Banque de France (licence Creative Commons)

C’est l’une des façades les plus extravagantes de Paris, avec ses murs en pierre de taille et en brique rouge, ornés de multiples tourelles et clochetons. Directement inspiré du Château de Blois, l’extraordinaire hôtel Gaillard, bâti à la fin du 19ème siècle pour le banquier collectionneur Emile Gaillard, se dresse place du général Catroux dans le 17ème arrondissement de Paris.

Depuis de nombreux mois, sa vue est obstruée par les travaux d’aménagement menés par la Banque de France, propriétaire du bâtiment. Depuis 2010, ses gouverneurs se sont mis en tête de transformer cette ancienne succursale de 6.600 mètres carrés, classée aux monuments historiques, en nouveau musée. Or, la "Cité de l’économie" (Citéco), prévue initialement pour fin 2013, devrait ouvrir au mieux en 2019, après avoir vu ses coûts complètement déraper, selon un rapport sévère de la Cour des comptes, publié ce lundi 3 décembre.

Tout d’abord, les magistrats questionnent la pertinence du projet alors que des musées portant sur des thématiques proches ont déjà ouvert ou vont ouvrir d’ici 2020, à la Monnaie de Paris et à la Bibliothèque Nationale de France. Interrogé par Le Point début 2017, Marc-Olivier Strauss-Kahn, conseiller spécial du gouverneur, François Villeroy de Galhau, définissait Citéco comme "un musée de troisième génération, comme il n’en existe aujourd’hui qu’à Mexico" (sic): "le maître mot, c’est l’interactivité. Le visiteur va vivre une expérience unique. Il pourra gérer un budget sur une machine à sous, poser un objet sur un scanner d’aéroport pour découvrir la provenance de tous ses composants, assister à un conseil des gouverneurs de banques centrales…" Son enthousiasme n’a visiblement pas atteint la rue Cambon.

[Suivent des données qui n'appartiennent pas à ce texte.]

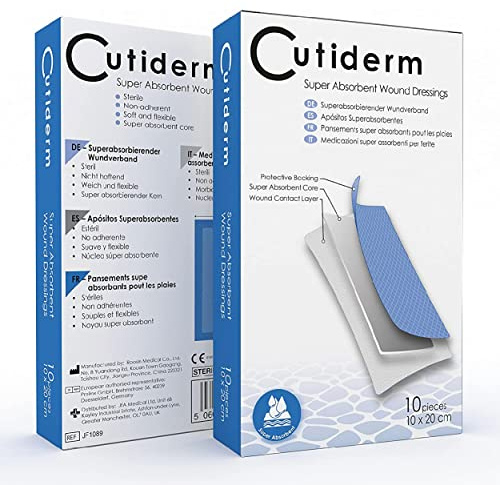 Cutiderm Sterile Low Adherent Super Absorbent Wound Dressings 10cm x 20cm Pack of 10 - Designed for Highly exuding Wounds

Une facture totale de 90 millions d'euros

Les magistrats pointent des défaillances dans le pilotage du projet, dont s’est chargé le frère de DSK. "L’organisation mise en œuvre s’est révélée insuffisamment solide du fait de la multiplicité des acteurs intervenant au titre de la maîtrise d’ouvrage comme de la maîtrise d’œuvre. En outre, la forte complexité immobilière du projet, au regard de l’ampleur des transformations à opérer, n’a pas été parfaitement anticipée." La Banque de France a notamment dû faire face à des problèmes de pollution au plomb et de voisinage. Résultat: le coût du chantier s’est envolé, passant de 36,7 à 61,1 millions d’euros, soit une dérive de 66%! Ce qui n’a pas empêché la Banque de France de continuer à communiquer sur un montant d’une "quarantaine de millions d’euros", poussant la Cour à dénoncer des "artifices de présentation". Il faut également ajouter des frais de fonctionnement relatifs à la préparation du projet, au développement du site web et à des actions pédagogiques et de communication, portant la facture totale à 97 millions sur la période 2009-2017.

Et cela risque de ne pas s’améliorer. En tablant sur 150.000 visiteurs par an dont 50.000 scolaires gratuits, les recettes de billetterie ne devraient couvrir que 18% du budget d’exploitation. Le déficit prévisionnel s’établirait à 3,5 millions d’euros. En ajoutant les charges liées au bâtiment et les agents mis à disposition par la Banque de France, le déficit grimperait à 6,7 millions d’euros. Cerise sur le gâteau: la Banque de France a fait part de son intention de bénéficier du dispositif du mécénat fiscal, qui lui permettrait de déduire de son impôt sur les sociétés (IS) 60% des subventions versées à sa Cité de l’économie. De quoi agacer les magistrats pour qui cette opération "ne devrait pas avoir pour effet de masquer la réalité du coût de Citéco pour la Banque de France". Et la Cour de conclure cinglante: "ce dernier pèsera in fine sur les finances publiques, au travers d’une minoration de l’IS, si le dispositif fiscal du mécénat était appliqué ou sinon au travers d’une diminution du dividende versé au budget de l’État."